A tradição de «doçura ou travessura» também tinha uma origem simpática entre
os antigos celtas. Como o ano acabava, os meninos iam a casa dos vizinhos
pedirem perdão pelas travessuras que tinham feito durante o ano. Os vizinhos
perdoavam e, em sinal de paz, davam-lhes guloseimas. O Halloween foi levado
para os Estados Unidos pelos irlandeses, lá se implantou e de lá regressou à
Europa como se fosse uma tradição americana. Primeiro foram os meninos alunos
de inglês, que incentivados pelos seu professores, iam de casa em casa, com a
cara enfarruscada, pedir <<doçura ou travessura>>. Depressa o
consumismo viu o filão que isso era. A pouco e pouco as farruscas feitas na
cara com carvão foram substituídas por máscaras alusivas a bruxaria a
venderem-se em todas as lojas, depois os bares e as discotecas começaram a
organizar as suas noites loucas de divertimento com decoração apropriada. Será
globalização? Aculturação? Não sei. Que continue, não se pode voltar atrás. Mas
que não se perca a tradição portuguesa do <<Pão por Deus>>, em que
os meninos iam com uma saca feita com restos de tecidos, em pequenos grupos,
perguntando : Oh! Tia, dá pão por Deus? Se não tem, dê-lho Deus. E as
pessoas davam do que tinham, frutos secos, ou mesmo pão.

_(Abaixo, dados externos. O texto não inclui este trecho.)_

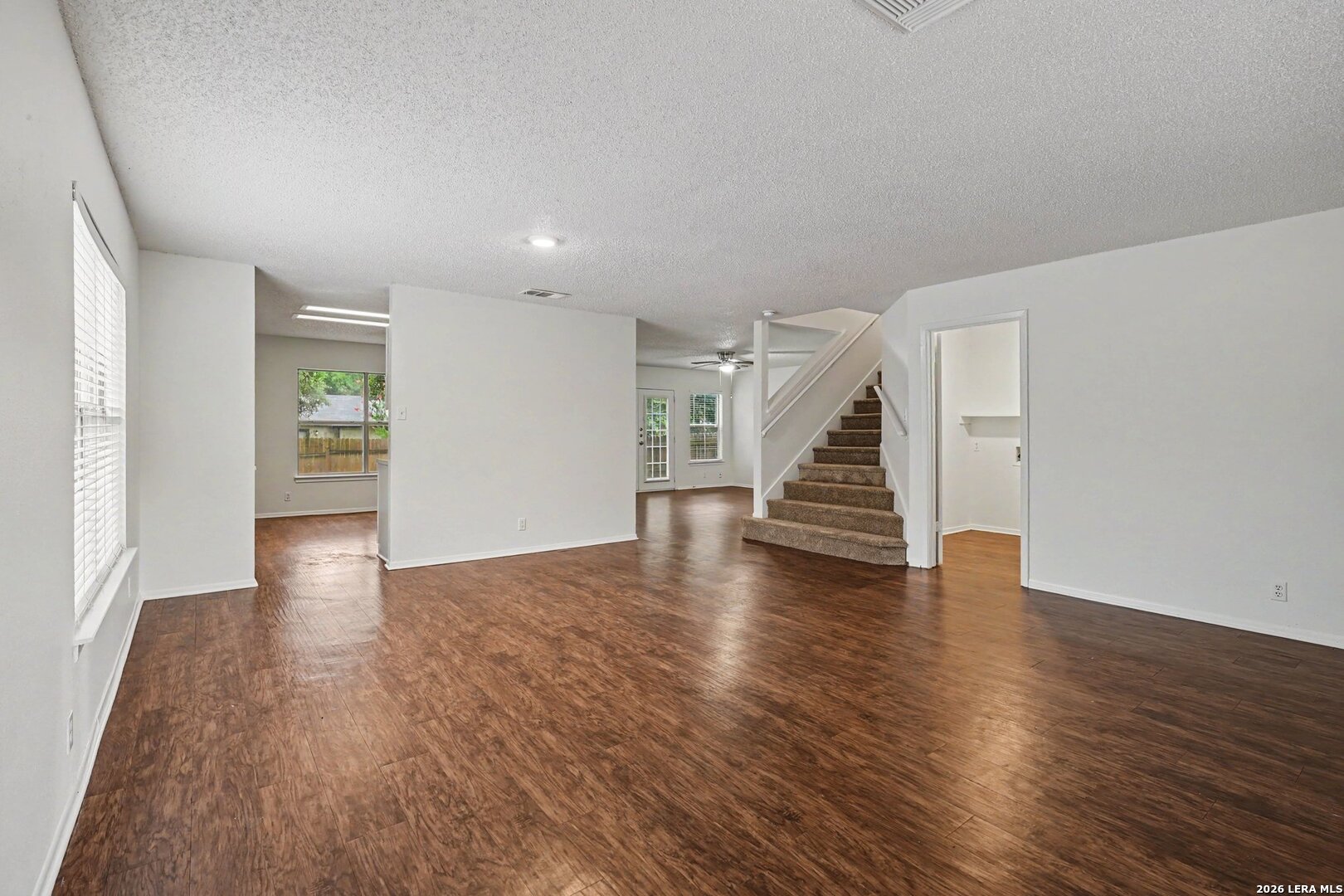 13352 Pecan Glade San Antonio TX 78249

Esta tradição remonta ao ano a
seguir ao terramoto. A maior parte da população de Lisboa, se já era pobre
antes dessa tragédia, mais pobre ficaram os que sobreviveram. Então, no
primeiro aniversário do cataclismo, saíram à rua pedindo pão por Deus,
aproveitando ser uma festa religiosa. E a tradição ficou, até à década de 80,
quando começou a ser substituída pelo Halloween. Quando será retomada? Se foram
os professores de inglês que iniciaram a tradição dita americana, que sejam
agora os professores de português e de história a retomar a tradição portuguesa.